Problem:
Output exactly the lines from the one holding "Pair of antique" through the final line of the entries.

━━━

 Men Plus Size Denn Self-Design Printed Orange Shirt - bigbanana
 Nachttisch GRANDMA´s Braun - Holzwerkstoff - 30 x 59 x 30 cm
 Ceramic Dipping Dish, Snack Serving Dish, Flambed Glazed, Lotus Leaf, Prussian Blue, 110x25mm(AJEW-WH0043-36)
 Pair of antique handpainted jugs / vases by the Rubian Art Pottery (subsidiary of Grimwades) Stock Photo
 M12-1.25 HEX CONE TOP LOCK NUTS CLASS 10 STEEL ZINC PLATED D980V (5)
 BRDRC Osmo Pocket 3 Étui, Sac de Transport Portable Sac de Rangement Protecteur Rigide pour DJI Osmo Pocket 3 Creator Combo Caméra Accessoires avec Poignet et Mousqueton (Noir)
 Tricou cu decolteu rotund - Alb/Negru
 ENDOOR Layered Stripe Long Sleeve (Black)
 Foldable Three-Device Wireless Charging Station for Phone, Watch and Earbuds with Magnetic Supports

━━━

Finished exercise:
 Pair of antique handpainted jugs / vases by the Rubian Art Pottery (subsidiary of Grimwades) Stock Photo
 M12-1.25 HEX CONE TOP LOCK NUTS CLASS 10 STEEL ZINC PLATED D980V (5)
 BRDRC Osmo Pocket 3 Étui, Sac de Transport Portable Sac de Rangement Protecteur Rigide pour DJI Osmo Pocket 3 Creator Combo Caméra Accessoires avec Poignet et Mousqueton (Noir)
 Tricou cu decolteu rotund - Alb/Negru
 ENDOOR Layered Stripe Long Sleeve (Black)
 Foldable Three-Device Wireless Charging Station for Phone, Watch and Earbuds with Magnetic Supports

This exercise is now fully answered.